I co-founded Candorful, a nonprofit which supports veterans and military spouses by helping them prepare for job interviews. We combine the benefits of double-sided platform technology with the human desire to make a positive impact every day. I met my co-founder Pete when he was transitioning out of the military. He was one of my advisees when I worked as senior associate director in the Career Management Center at Cornell’s MBA program. While I was there, I conceptualized a platform to match alumni with students for mock interviews and managed its development and implementation. Candorful, while a completely different technology and experience, is a similar concept. It’s a passion project for us. We’ve helped over 1,500 transitioning military, veterans, and military spouses do a career pivot while maintaining a Net Promoter Score of 98. This is just the start, as we have more work to do to take full advantage of the network effects and scaling benefits of the technology.
Where do you get your ideas?
Listening to the concerns, worries, and problems of others; pondering root causes; and thinking about workable solutions—even if they’re impractical, challenging, or ridiculous. Of course, many great ideas also come from direct communication with Candorful’s volunteer interview coach community members, Candorful alumni, my co-founder, and my MIT Sloan classmates. Listening to their ideas and challenges helps to make Candorful even more impactful.

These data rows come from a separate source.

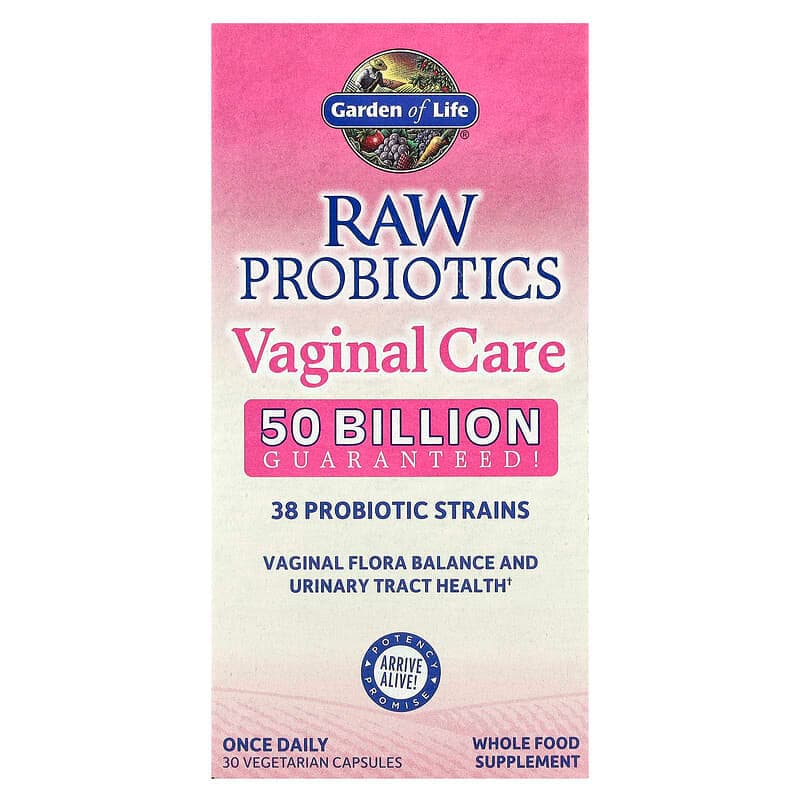 Garden of Life, RAW Probiotics, Suplemento para el cuidado vaginal, 30 cápsulas vegetales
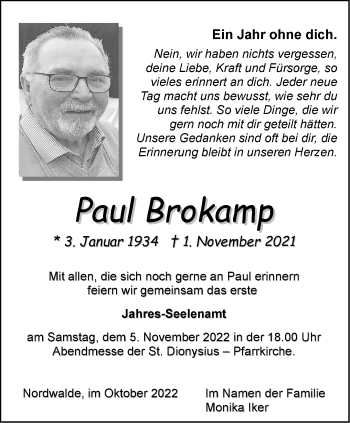 Anzeige von Paul Brokamp 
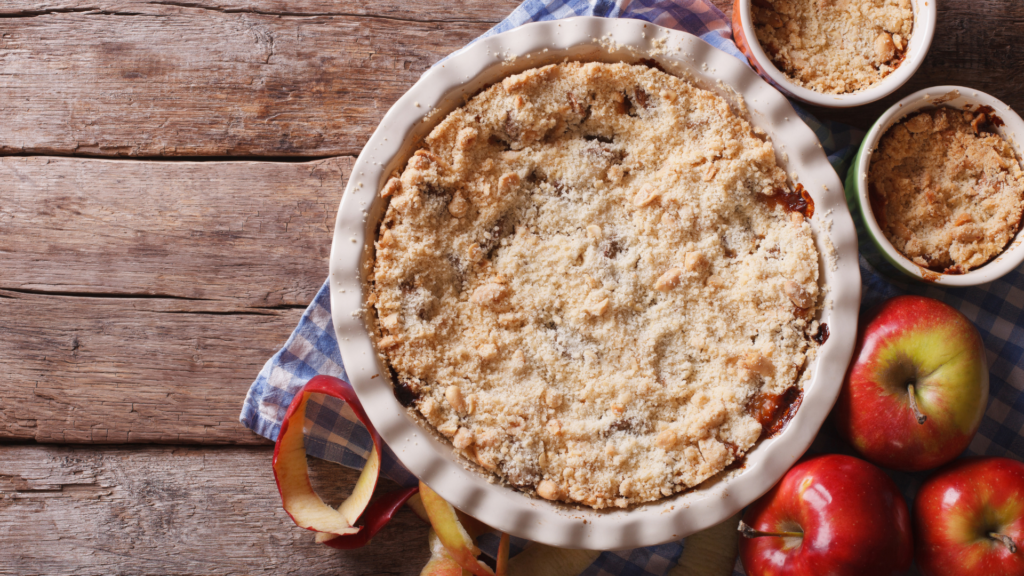 Pan filled with apple crisp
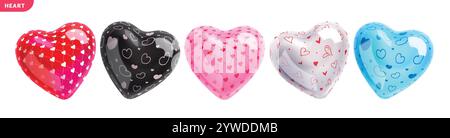 Herz aufblasbare Ballons Clipart Set. Love Heart Icon Clip Art farbenfroher Ballon in glänzendem, glänzendem und bedrucktem Muster für valentinstag und Mutter Stock Vektor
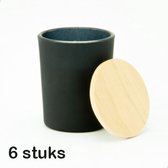 6 stuks geurkaarsjes met houten deksel - kleur zwart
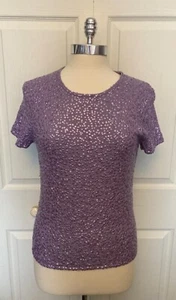  Vintage Saks Fifth Avenue Folio Women's Purple Sequined Wool Cashmere Sweater L - Picture 1 of 7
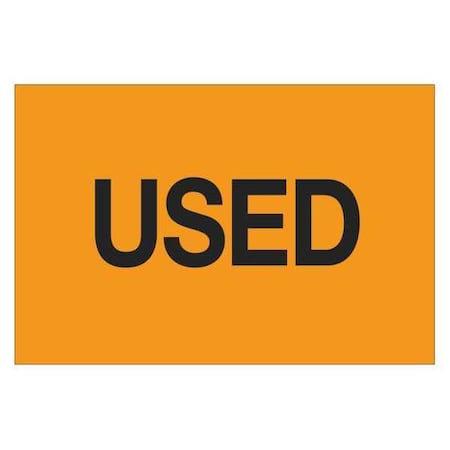 Tape Logic Tape Logic Labels, "Used", 2" x 3", Fluorescent Orange, 500/Roll DL1141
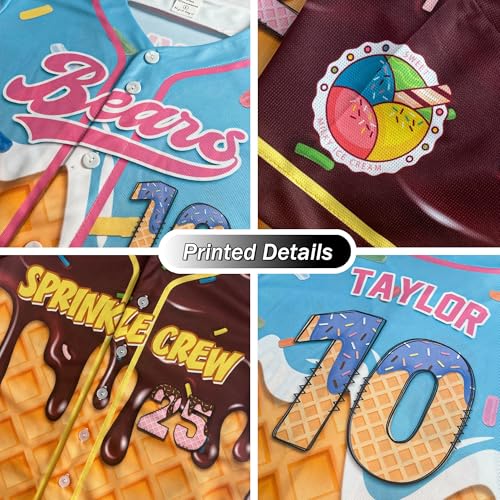 Custom Baseball Jersey – Personalized Name, Number & Logo, Drip Orange Ice Cream Baseball Jersey Summer Holiday for Men, Women, Youth, Toddlers miniatura 4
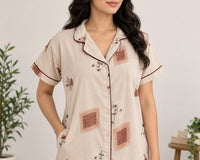 Pastel Brown Printed Alfine Full Open Long Polo Shirt Dress | Side Pocket | Free Size | Chest Width 44″| Length 44″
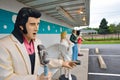 Statues of Elvis Presley, Marilyn Monroe, James Dean, and Betty Boop. Royalty Free Stock Photo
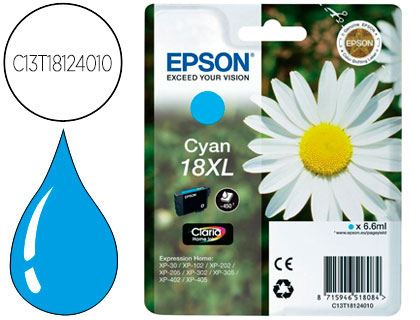 CARTOUCHE EPSON T1812 JET D'ENCRE C13T18124010 COULEUR CYAN HAUTE CAPACIT 450P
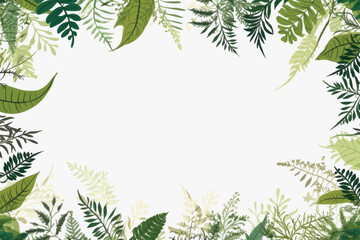 Lush green foliage frame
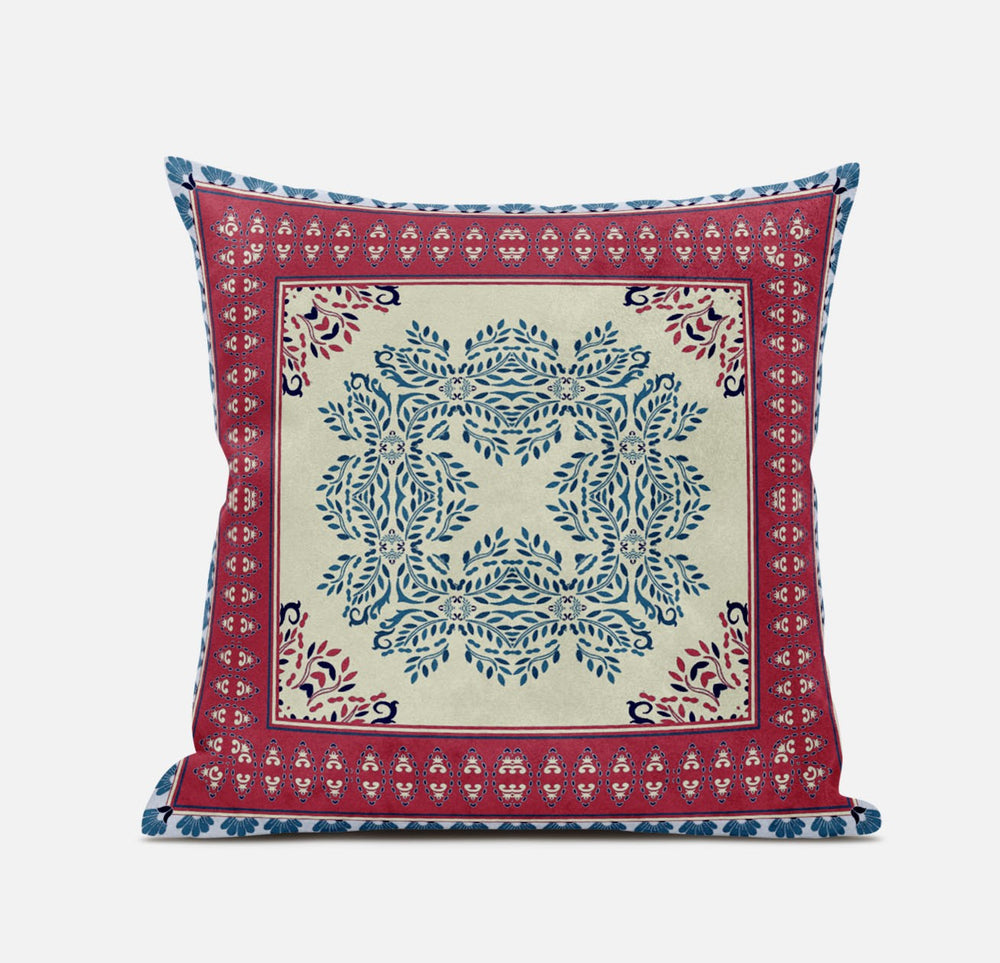 Homeroots 20" X 20" Blue Gray Geometric Zippered Suede Throw Pillow   413740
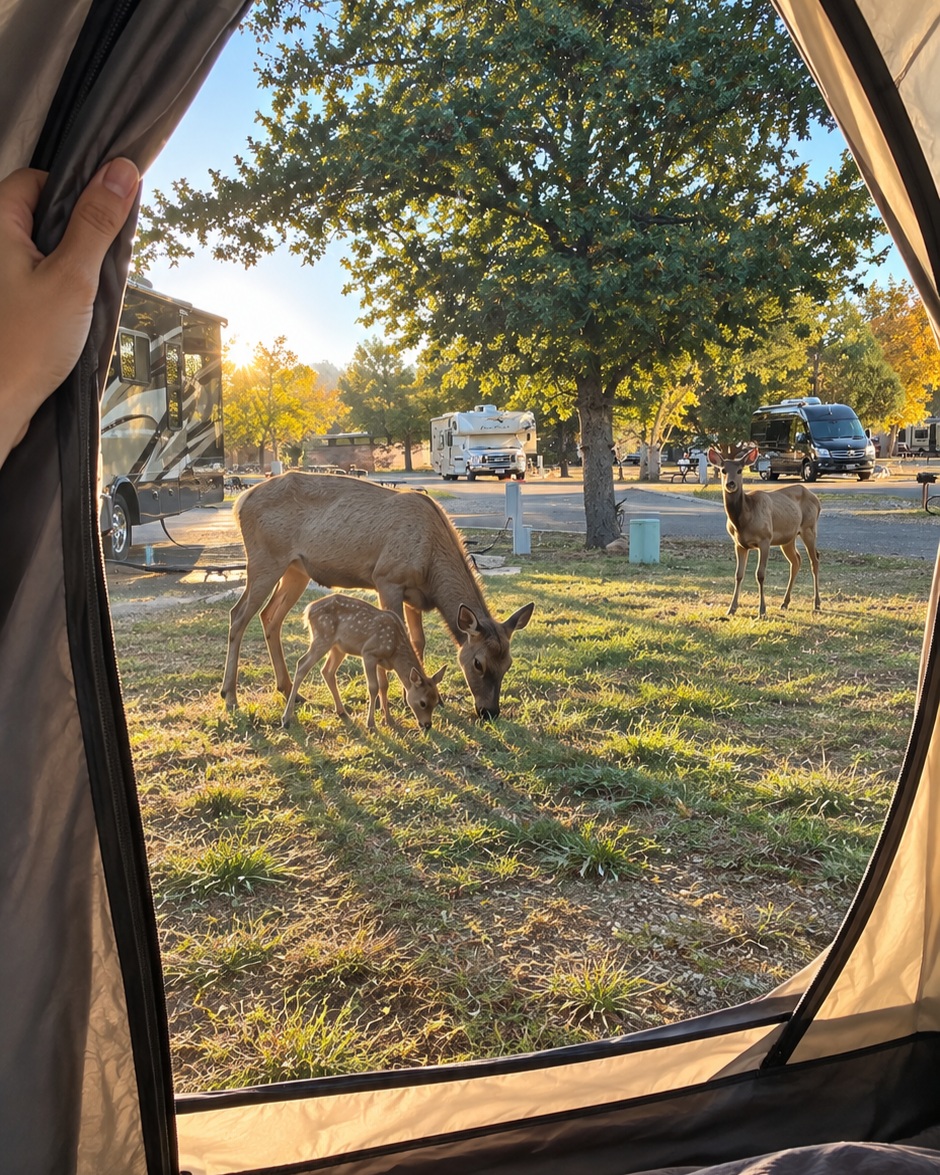 RaleighHaezk's tweet photo. I meant to write down my feelings, but fell asleep. This morning, a mama deer and her fawn grazed outside my tent. I watched quietly, then made coffee. The first sip felt calmer than yesterday. Day 03 https://t.co/0gCdBcAS8j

How do you keep track of them?
I’m action-focused so I wouldn’t say I have a “catalog of ideas.” However, I do keep a lot of notes. I have recorded ideas in journals, notebooks, and way too many sticky notes, though I’ve since moved to a few cloud options for a few practical reasons. Cloud options for notetaking are searchable, which is essential, and they are helping to improve the organization and the appearance of my office space. To be honest, most of the ideas are simply thoughts to be pondered. They exist in memories of conversations.
Who do you share them with?
I’ll chat about ideas with lots of people, given the opportunity. I like brainstorming with my husband, my daughter, and her boyfriend. All four of us are a bit nerdy and enjoy dreaming about solutions to social, technical, and business problems. I also like to discuss ideas with my co-founder and MIT Sloan classmates who are supportive of Candorful. Additionally, I have two great mentors—Jerry Johnson and Sarah Koenig (PwC CSR)—whom I met when Candorful was going through MassChallenge Boston. They have provided me with unbelievable guidance about ways to move Candorful forward. Overall, I love sharing thoughts and listening to responses from others. It’s great to bounce ideas off people who are smarter than me, and my MIT Sloan classmates have provided great support with that. In fact, three of my Sloan classmates are Candorful board members. I brainstorm with them very frequently—their support and ideas have been essential.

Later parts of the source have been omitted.